Tapi, pikiran negatif itu tetap datang. Sampai akhirnya di pertengahan


cerita aku menutup buku itu dan menghembuskan napas perlahan, karena tanpa
sadar aku menahan napas.

Kenapa aku menahan napas? Kalian harus baca sendiri karena aku gak
mau spoiler.

Lalu ada satu kutipan di buku seperti ini;

Orang-orang yang sama-sama pernah terluka akan dengan mudah saling


mengenali, lalu saling tertarik. — Hal. 81
Orang-orang itu adalah Chris dan Art. Mereka punya kesamaan yaitu
sama-sama terluka oleh kedua orangtuanya.

Chris yang mempunyai orangtua yang tidak harmonis saat mereka tahu
bahwa Colin—adik Chris—mempunyai sindrom yang membuatnya berbeda dari
kebanyakkan anak seusianya.

Sedangkan Art? Ia tidak mau membuka apa yang membuatnya terluka,


namun aku yakini bahwa, luka itu teramat dalam. Sangat dalam.

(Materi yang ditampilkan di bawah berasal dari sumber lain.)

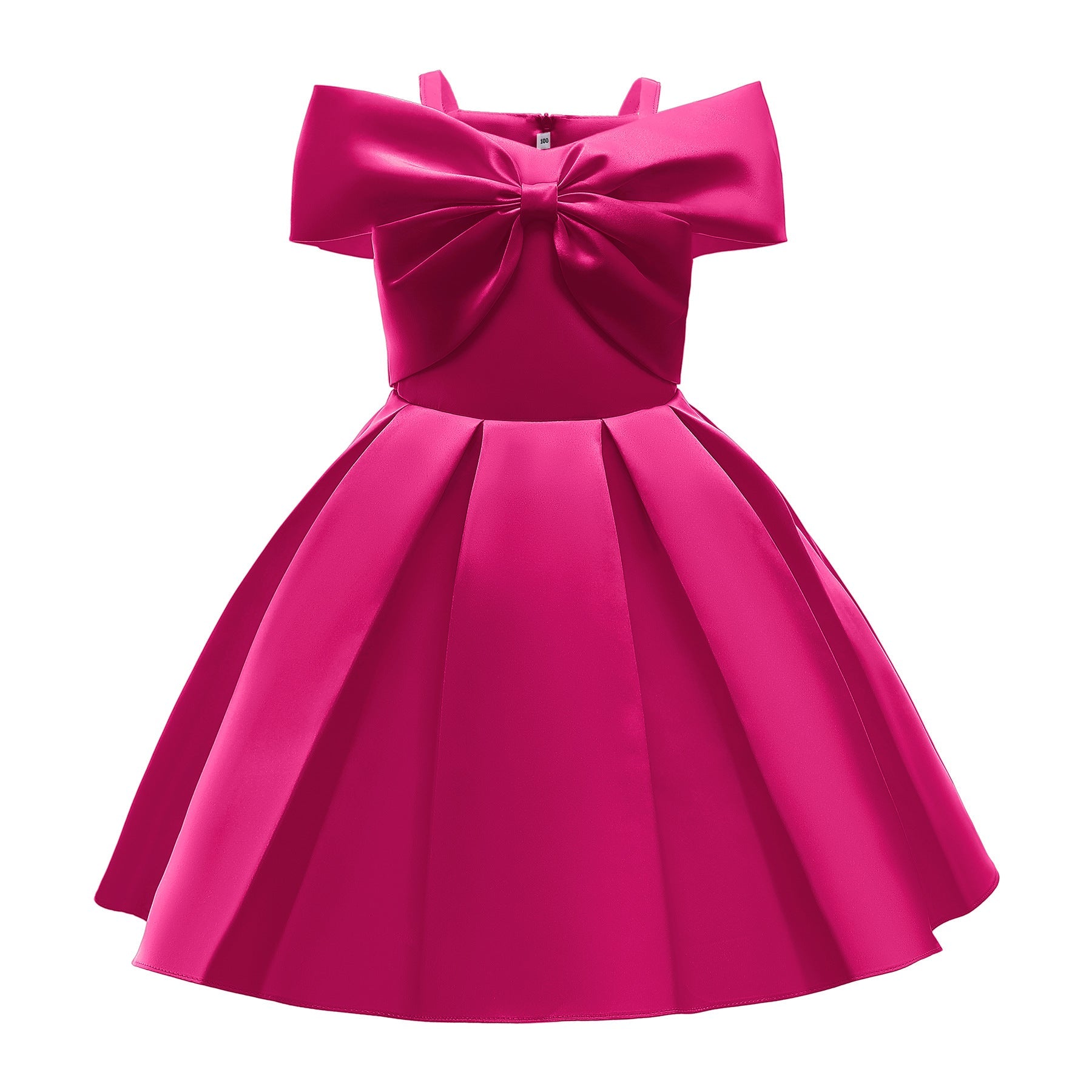 Baby Girl Solid Color Sling Princess Fashion Dress Children’s Formal Dress-9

Karena luka itu pula membuat keduanya terikat.

Jika cinta memang cukup kuat untuk hadir diantara mereka sejak awal,
mengapa begitu mudahnya cinta itu berjalan pergi? — Hal. 29

Menurut gue, orang yang paling banyak tertawa justru adalah orang-orang
yang tersedih di dunia. — Hal. 151

Mungkin karena kesamaan itu, mereka seperti tahu apa yang pasti mereka
rasakan. Art tahu persis apa yang Chris rasakan begitu pula sebaliknya.

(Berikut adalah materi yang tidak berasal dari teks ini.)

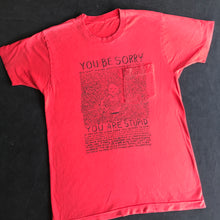 Load image into Gallery viewer, Vintage Hiding Man You Be Sorry Pocket T-Shirt (Red) 20x29 Small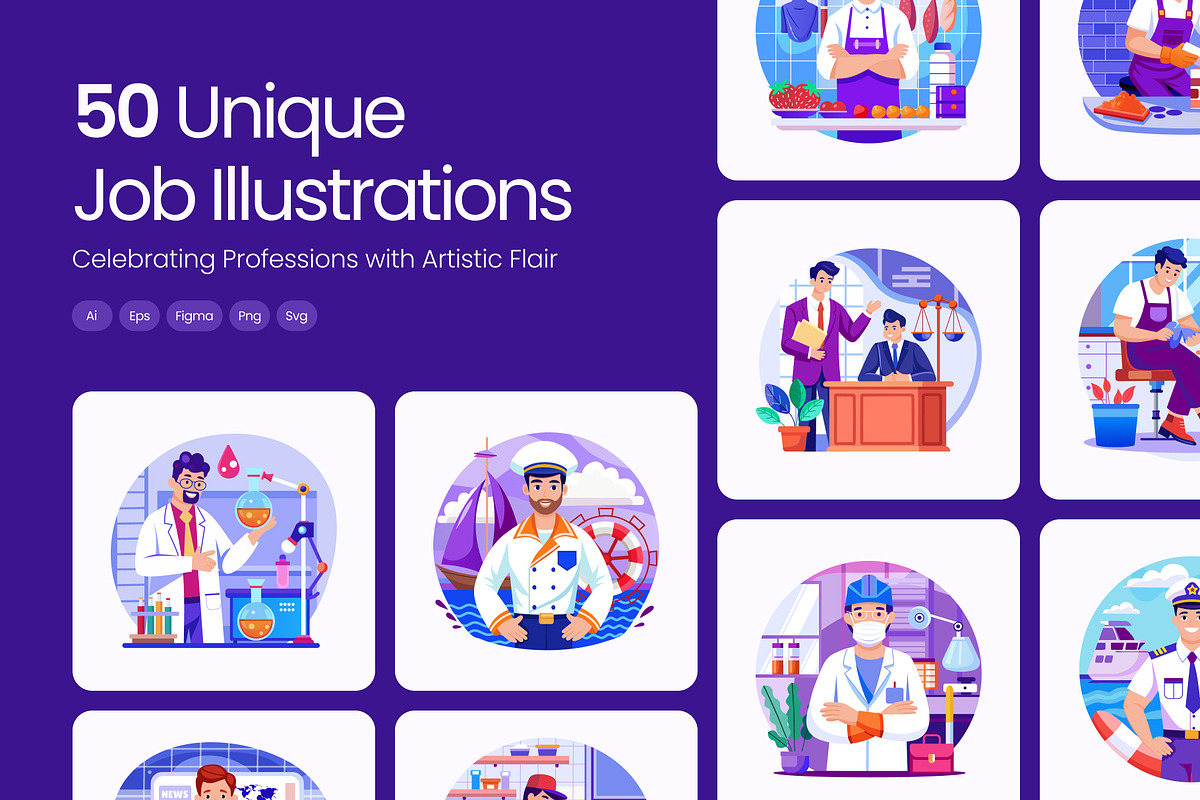 Job Illustrations Art Set, a Work Illustration by Prosymbols (Photo 1 of 9)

Dan, Chris meyakini bahwa, dua orang yang terluka pasti bisa mengobati
luka satu sama lain.

Tapi, bagaimana jika luka tersebut malah semakin lebar dan perih?

Review

Saat kalian membaca Someday, pasti kalian akan membenci Art. Aku
yakin itu. Namun, aku malah menyukai Art, apalagi saat tahu apa luka Art
tersebut.
Menyukai sekaligus mengasihani.

Novel ini benar-benar membawaku mencari, menemukan dan merasakan


kehilangan seseorang. Walaupun dia hanyalah tokoh fiksi bernama Art.

Art yang eksplosit, misterius, dan sulit di tebak.

Aku juga suka dengan persahabatan antara Chris dan Milo. Walaupun ada
‘jarak’ masing-masing sehingga mereka berjauhan tetapi mereka tetap saling
merangkul saat kesulitan.

I love Milo, but Art…sosok paling terkenang di buku ini.

Novel ini, memakai sudut pandang Chris, yang sangat aku suka ialah, aku
jadi tahu apa yang persis Chris rasakan saat melihat kedua orangtuanya,
kedekatannya dengan Milo dan juga Art.

Cerita ini bener-bener rekomen buat kalian, sedihnya tuh dapet banget.
Moral valuenya juga ada.

Dan oh ya, ada yang sudah menonton film posesif di bioskop? Dan, entah
kenapa aku seperti menonton film Someday disana. Keposesifan Yudhis di film
posesif hampir sama dengan Art, lalu Lala di film posesif yang baru pertama kali
jatuh cinta dan juga seorang atlet renang di sekolahnya sama seperti Chris,
membuat aku merasakan persamaan yang dalam pada film itu.

Atau cuma aku yang merasakan persamaan itu?

Terimakasih kak Winna Efendi telah memperkenalkan aku dengan sosok


Chris, Art dan Milo. Aku menjadi belajar suatu hal yang berharga dalam hidup
bahwa semua akan baik pada akhirnya, semua akan indah pada waktunya.
But it’s okay; maybe not today, but someday.